> [SUPPLIED INFORMATION]

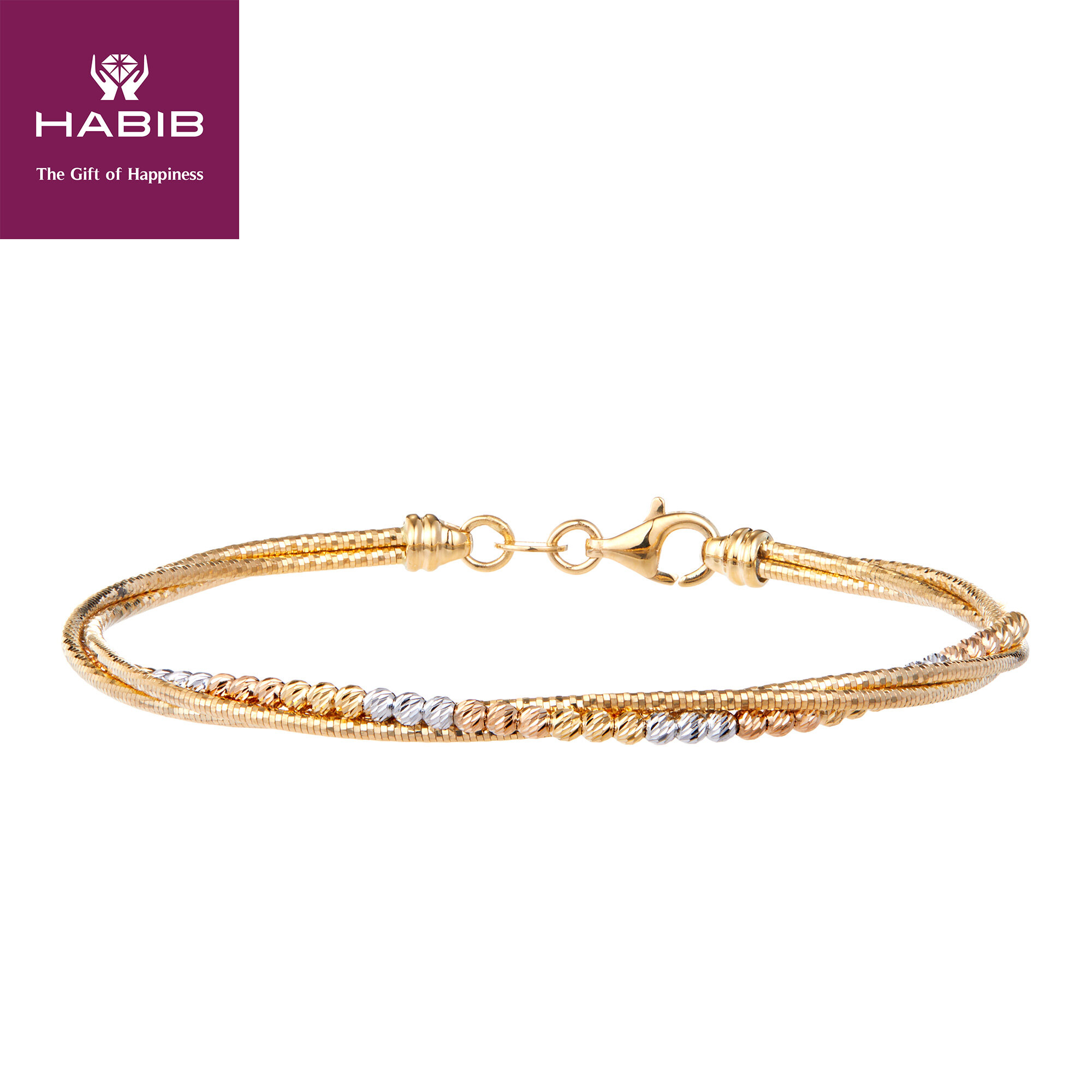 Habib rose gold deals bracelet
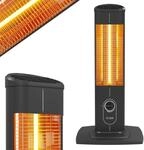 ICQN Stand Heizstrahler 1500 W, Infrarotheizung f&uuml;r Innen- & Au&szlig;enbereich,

--

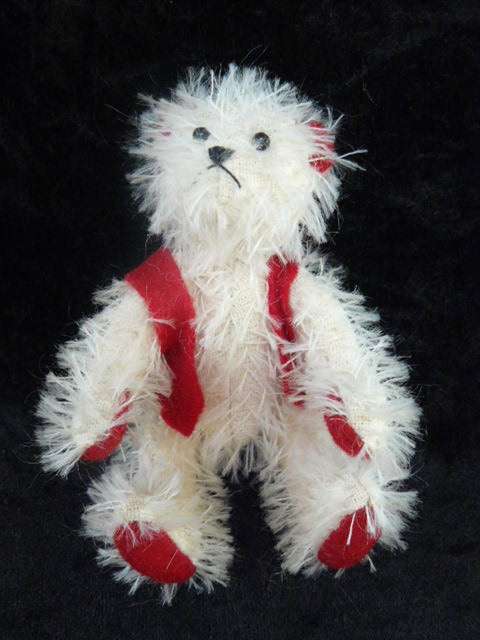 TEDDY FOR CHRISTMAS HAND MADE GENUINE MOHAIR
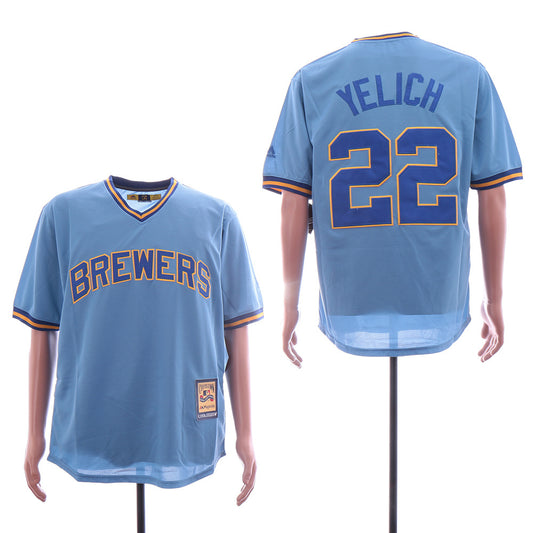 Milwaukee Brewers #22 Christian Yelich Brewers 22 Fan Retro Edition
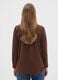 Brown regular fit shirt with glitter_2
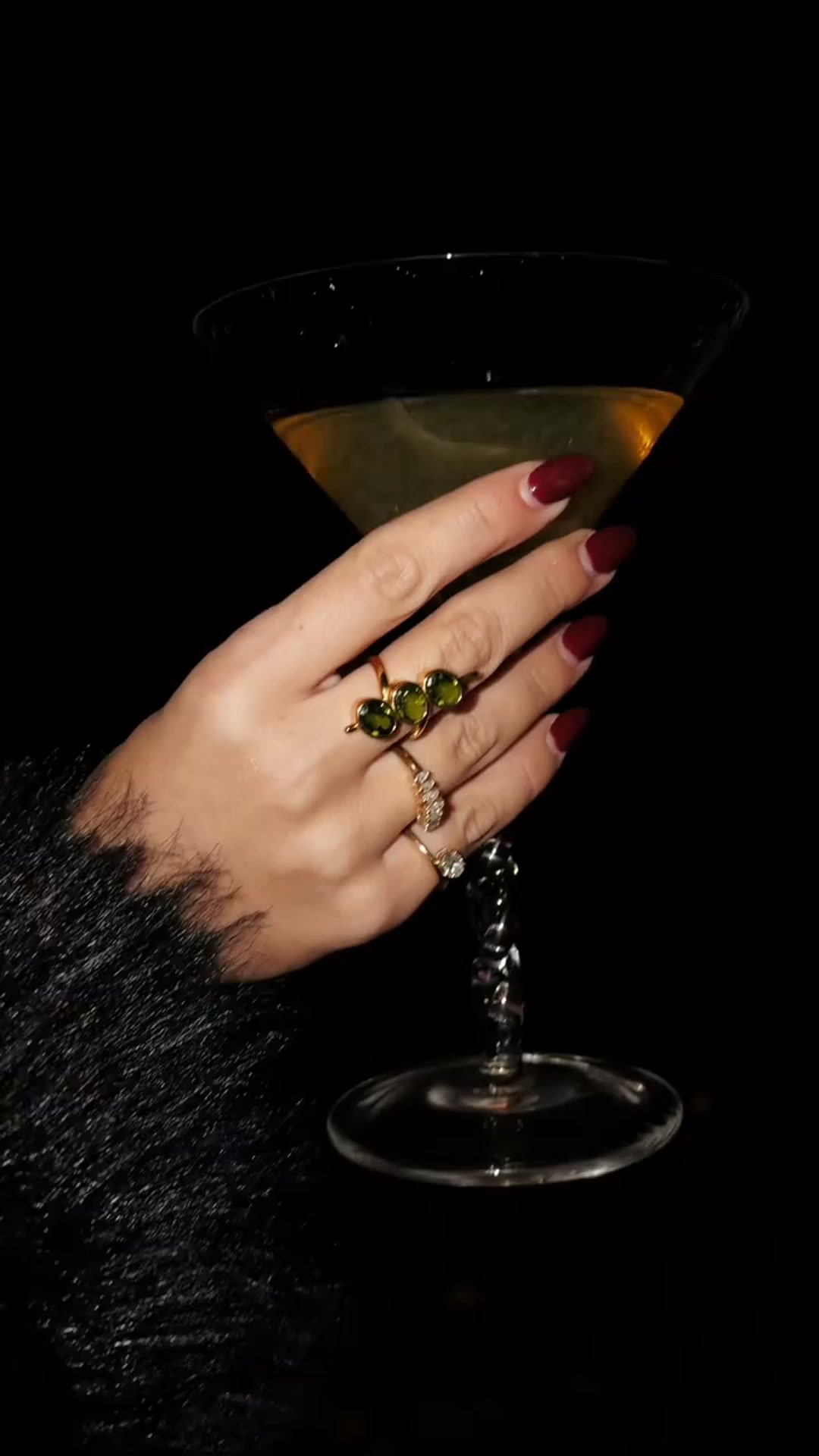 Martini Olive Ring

==

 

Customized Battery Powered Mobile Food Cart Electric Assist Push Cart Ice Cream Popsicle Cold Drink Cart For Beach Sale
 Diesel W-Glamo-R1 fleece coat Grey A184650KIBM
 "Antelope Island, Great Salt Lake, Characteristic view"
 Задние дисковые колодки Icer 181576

> [DESCRIPTION OF THE TASK]
The reply should hold the entries above from the line with "Habib rose gold deals bracelet" to the line with "ICQN Stand Heizstrahler", duplicated exactly, pictures excluded.

> [SOLUTION FOR THIS PROBLEM]
 Habib rose gold deals bracelet
 ICQN Stand Heizstrahler 1500 W, Infrarotheizung f&uuml;r Innen- & Au&szlig;enbereich,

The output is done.